Task requirements
Beneath this instruction is a block of data; output from it exactly the lines that run from the one containing "Cheery Light Purple Trainers" through the one containing "Bryce Waters", inclusive.
*** The records Section Begins ***
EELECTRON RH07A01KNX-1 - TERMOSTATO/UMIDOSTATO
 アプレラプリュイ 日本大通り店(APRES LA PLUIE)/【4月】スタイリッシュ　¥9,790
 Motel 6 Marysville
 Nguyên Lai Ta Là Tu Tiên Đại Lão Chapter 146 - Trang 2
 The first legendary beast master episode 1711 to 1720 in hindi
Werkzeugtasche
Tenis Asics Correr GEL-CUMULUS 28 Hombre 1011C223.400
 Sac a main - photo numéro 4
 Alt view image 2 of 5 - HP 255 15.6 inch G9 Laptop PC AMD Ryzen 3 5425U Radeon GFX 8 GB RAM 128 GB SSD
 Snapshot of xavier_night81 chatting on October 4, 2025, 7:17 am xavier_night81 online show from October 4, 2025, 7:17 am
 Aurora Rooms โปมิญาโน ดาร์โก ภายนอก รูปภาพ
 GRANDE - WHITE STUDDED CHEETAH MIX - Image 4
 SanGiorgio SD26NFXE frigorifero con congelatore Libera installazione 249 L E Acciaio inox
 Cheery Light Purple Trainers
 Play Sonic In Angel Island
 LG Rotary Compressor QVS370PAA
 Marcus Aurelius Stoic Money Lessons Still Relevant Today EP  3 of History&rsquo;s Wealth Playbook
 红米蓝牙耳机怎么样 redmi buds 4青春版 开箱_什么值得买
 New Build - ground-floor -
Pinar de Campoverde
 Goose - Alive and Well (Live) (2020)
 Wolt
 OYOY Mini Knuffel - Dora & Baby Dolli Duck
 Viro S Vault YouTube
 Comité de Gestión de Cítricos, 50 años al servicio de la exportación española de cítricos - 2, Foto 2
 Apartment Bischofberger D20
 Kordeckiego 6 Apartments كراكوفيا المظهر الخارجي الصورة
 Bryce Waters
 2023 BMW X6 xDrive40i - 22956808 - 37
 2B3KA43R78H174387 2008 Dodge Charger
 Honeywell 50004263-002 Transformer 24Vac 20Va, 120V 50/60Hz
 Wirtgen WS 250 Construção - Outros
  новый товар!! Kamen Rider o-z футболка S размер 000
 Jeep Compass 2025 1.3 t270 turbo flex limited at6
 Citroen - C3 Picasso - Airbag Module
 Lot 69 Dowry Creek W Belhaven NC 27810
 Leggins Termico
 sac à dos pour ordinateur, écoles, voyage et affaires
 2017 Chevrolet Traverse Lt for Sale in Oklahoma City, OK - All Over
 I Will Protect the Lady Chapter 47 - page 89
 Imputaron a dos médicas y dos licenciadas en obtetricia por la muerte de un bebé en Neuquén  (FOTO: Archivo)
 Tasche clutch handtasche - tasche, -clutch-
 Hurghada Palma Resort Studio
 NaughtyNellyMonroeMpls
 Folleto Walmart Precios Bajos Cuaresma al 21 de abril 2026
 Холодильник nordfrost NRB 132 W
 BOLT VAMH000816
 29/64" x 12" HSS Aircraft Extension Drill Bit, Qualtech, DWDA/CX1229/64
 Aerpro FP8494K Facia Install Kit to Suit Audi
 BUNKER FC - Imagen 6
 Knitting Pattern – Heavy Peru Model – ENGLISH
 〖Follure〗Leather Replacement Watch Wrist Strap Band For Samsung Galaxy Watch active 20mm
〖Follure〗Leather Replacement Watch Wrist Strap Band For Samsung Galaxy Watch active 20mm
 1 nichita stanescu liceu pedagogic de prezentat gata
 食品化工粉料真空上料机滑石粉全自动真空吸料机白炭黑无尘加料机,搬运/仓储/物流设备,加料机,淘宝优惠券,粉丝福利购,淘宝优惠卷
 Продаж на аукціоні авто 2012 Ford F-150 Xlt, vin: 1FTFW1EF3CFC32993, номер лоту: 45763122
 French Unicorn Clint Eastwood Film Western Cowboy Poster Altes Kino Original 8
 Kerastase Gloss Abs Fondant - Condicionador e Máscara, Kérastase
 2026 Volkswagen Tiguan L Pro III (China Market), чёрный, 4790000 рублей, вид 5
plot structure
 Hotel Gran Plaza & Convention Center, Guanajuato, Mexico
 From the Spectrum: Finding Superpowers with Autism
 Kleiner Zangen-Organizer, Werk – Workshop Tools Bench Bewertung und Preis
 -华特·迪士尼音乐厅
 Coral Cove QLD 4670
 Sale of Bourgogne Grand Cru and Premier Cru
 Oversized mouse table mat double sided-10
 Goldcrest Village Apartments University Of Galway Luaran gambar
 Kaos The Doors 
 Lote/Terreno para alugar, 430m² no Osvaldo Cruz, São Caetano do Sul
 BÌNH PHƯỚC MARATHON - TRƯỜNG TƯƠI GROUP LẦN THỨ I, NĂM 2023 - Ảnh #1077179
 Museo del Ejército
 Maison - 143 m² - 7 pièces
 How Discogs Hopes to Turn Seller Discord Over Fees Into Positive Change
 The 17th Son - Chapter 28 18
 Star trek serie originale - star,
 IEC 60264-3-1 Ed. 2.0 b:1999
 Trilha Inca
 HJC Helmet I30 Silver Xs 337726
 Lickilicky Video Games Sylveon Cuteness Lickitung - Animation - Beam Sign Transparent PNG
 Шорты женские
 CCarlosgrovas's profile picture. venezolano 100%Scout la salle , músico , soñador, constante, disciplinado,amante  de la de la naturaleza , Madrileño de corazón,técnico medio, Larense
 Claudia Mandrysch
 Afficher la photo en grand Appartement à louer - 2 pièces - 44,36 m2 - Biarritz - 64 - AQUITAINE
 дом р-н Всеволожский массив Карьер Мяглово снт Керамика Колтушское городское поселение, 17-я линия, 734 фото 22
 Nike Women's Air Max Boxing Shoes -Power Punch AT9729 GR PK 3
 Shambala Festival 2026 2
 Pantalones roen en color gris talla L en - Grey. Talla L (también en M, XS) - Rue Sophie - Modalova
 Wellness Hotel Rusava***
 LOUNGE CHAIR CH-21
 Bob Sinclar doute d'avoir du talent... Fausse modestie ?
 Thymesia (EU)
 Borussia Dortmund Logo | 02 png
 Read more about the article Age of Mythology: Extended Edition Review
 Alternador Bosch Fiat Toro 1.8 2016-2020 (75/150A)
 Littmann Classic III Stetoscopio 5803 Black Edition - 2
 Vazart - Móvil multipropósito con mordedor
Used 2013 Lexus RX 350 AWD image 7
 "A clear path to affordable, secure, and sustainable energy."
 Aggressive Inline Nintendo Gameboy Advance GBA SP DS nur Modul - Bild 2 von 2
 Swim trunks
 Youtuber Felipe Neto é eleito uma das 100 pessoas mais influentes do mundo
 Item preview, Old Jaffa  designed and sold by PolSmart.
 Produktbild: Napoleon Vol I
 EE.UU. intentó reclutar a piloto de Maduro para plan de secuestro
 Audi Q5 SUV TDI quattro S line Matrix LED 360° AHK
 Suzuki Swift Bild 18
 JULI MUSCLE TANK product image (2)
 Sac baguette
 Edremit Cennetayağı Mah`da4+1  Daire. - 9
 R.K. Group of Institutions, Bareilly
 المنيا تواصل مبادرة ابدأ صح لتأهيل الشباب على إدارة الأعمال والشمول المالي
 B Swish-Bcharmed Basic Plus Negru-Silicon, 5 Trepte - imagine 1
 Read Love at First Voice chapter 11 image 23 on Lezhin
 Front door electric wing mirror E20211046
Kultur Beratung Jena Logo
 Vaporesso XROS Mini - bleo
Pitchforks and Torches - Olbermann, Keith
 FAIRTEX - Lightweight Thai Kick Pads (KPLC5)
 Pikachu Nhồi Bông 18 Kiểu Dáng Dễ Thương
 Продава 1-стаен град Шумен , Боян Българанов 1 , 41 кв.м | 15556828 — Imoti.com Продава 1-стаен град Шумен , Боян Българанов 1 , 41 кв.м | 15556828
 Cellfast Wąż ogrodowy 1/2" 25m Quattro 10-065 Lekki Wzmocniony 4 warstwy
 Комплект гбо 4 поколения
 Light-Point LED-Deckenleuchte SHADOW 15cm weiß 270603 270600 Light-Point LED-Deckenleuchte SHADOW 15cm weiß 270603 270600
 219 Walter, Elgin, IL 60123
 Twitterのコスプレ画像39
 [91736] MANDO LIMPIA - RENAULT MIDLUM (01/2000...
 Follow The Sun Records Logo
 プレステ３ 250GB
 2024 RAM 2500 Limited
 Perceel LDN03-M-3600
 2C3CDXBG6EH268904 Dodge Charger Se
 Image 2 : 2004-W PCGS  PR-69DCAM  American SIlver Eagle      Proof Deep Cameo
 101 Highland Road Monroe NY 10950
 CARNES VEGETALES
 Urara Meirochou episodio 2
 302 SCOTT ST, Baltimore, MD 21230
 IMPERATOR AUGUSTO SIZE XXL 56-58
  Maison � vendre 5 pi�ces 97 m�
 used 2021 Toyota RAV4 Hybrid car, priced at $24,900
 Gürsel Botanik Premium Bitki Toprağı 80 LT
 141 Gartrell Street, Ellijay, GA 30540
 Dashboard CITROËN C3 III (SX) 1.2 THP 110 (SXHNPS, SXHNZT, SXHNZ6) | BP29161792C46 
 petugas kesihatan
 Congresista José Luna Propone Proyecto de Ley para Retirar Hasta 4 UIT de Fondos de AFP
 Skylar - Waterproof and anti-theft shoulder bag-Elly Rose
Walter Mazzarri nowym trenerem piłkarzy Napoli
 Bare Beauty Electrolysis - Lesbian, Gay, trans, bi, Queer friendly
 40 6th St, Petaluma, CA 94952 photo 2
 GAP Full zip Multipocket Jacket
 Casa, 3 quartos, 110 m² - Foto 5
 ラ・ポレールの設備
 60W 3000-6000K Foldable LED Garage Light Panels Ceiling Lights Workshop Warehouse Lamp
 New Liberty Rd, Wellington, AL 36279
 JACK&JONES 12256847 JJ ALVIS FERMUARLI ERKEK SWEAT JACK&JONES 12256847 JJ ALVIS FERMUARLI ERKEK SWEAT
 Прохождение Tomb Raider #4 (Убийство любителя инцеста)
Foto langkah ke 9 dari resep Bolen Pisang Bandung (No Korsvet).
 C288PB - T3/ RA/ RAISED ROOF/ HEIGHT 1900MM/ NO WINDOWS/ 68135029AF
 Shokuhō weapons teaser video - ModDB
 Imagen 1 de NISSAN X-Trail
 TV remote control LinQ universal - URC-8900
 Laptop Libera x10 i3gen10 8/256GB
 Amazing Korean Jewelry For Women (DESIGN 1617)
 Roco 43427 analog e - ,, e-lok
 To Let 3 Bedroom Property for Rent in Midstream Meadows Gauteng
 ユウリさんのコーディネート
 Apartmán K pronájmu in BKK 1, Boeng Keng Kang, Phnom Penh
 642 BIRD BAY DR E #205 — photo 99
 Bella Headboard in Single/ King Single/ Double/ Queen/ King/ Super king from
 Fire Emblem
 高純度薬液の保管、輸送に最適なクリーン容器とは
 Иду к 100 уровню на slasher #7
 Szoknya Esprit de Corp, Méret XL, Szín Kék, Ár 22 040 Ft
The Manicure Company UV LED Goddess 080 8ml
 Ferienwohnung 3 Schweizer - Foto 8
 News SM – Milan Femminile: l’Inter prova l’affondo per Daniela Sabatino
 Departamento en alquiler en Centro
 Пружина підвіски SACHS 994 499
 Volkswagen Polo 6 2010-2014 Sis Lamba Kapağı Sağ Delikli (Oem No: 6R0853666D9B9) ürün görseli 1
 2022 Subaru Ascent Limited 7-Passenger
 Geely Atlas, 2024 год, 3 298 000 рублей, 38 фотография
*** The records Section Ends ***
Answer to the problem
 Cheery Light Purple Trainers
 Play Sonic In Angel Island
 LG Rotary Compressor QVS370PAA
 Marcus Aurelius Stoic Money Lessons Still Relevant Today EP  3 of History&rsquo;s Wealth Playbook
 红米蓝牙耳机怎么样 redmi buds 4青春版 开箱_什么值得买
 New Build - ground-floor -
Pinar de Campoverde
 Goose - Alive and Well (Live) (2020)
 Wolt
 OYOY Mini Knuffel - Dora & Baby Dolli Duck
 Viro S Vault YouTube
 Comité de Gestión de Cítricos, 50 años al servicio de la exportación española de cítricos - 2, Foto 2
 Apartment Bischofberger D20
 Kordeckiego 6 Apartments كراكوفيا المظهر الخارجي الصورة
 Bryce Waters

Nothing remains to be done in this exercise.